Steve Palma, president of medical cost solutions at Goodroot, recently joined host Karen Jagoda on Empowered Patient Radio to discuss payment integrity, hospital financial assistance programs and more. Below are some of the highlights of what Steve had to say.
Listen to the full episode on Empowered Patient Radio.
On medical debt: “I had no idea that medical debt was causing bankruptcy, and most of that is — as these high-deductible plans have evolved, it’s not just the uninsured that can’t afford that. It’s people with insurance that have to go for treatment to get care, and they can’t afford their co-insurance and deductible. And that’s causing medical debt.”
On medical billing errors: “Billing errors include the cost of payers overpaying or underpaying claims, and the cost to the providers in billing correctly and then dealing with all the administrative headaches around audits by payers, and getting that claim ultimately right. It adds a tremendous amount of administrative cost on both sides. And it ends up getting passed to the consumer.”
On the blame game: “You’ll hear some people on the health plan side say it’s all abusive provider billing practices, whether it’s fraud or potentially maximizing coding in a complex coding environment. On the provider side, oftentimes they’ll say it’s health plans intentionally underpaying or playing their own types of games. I think, over the years, what I’ve really come to conclude is that, for the most part, the health plans and the providers are trying to do the right thing, from a coding perspective, but it’s extremely complicated. So the complication of the billing and the regulatory environment where payers have to pay those claims very, very quickly and get them out the door, it just causes error on both sides.”

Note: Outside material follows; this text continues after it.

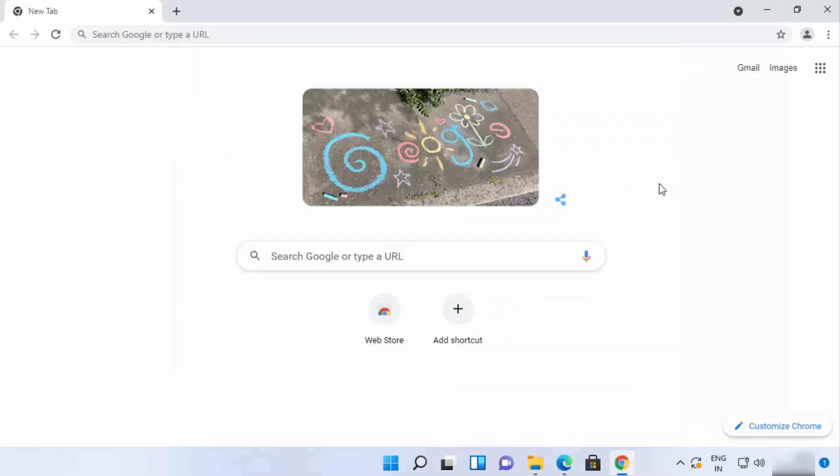Here you can see Google Chrome is set as the default app for the browser. This is how you can download and install Google Chrome on your Windows 11 operating system. I hope you've enjoyed this video and I will see you in the next one.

On Penstock: “We don’t want to ultimately become just another one of these companies that are kind of profiting on the problem. We want to develop solutions and identify overpayments. Sure, to help a health plan recover those overpayments, but also get into that education space to work with payers to say, ‘Hey, look, what type of education are you sending to providers if they’re billing incorrectly? What does that look like? Can we help you?’ Engage the provider community rather than just go after the dollar.”
On technology in healthcare: “I think most people would agree that health care probably has been the least tech-savvy industry to kind of pick up some of these new technology solutions. There are a lot of former Silicon Valley folks who are starting to launch companies in the healthcare space around machine learning and AI. There’s great promise there because you can identify overpayment and underpayment billing patterns, and just inaccuracy, through machine learning much more easily than you can with people trying to scrub that data. So, I’m really kind of optimistic about where that’s going, with an asterisk. … As that happens, if you think about the trillions of claims that are billed and paid every year, and the regulation that requires timeliness of payment and billing, ultimately, with the impact of the patient knowing what their cost is in a reasonable time and being able to pay that, machine learning can identify patterns, can identify trends, can alert basically the payers and the providers to where there’s potential billing problems or payment problems. But oftentimes what happens is it can also create a bunch of things that healthcare payers and the providers have to have their administrative resources basically vet and validate. So, because the healthcare environment is so regulated and so complex, you really just can’t let these solutions go and fire and just kind of act on their own. The labor component to that is very expensive in an industry that’s already administratively very taxed.”
On hospital financial assistance programs: “Nonprofit hospitals, which are the majority in this country, have to have financial assistance programs for patients to be able to access. In getting into that world and living and breathing in that space, I really do firmly believe that most of these nonprofit hospitals are attempting to make those programs readily available to patients that need them, and to support them. It’s just challenging. Oftentimes they have limited budgets. Their websites have the financial assistance policies listed, but maybe they’re hard to find sometimes. The administration of it could get clunky. Sometimes patients aren’t even aware that they qualify for financial assistance. The reality is financial assistance can apply to somebody who’s X percentage above the federal poverty level, which can be a family, a working family of four, or whatever it is in a certain given area, that qualifies for some level of financial help. But they don’t think they can, and they don’t know about it. Oftentimes they don’t even access it. They just assume financial assistance is for uninsured people, and it’s not.”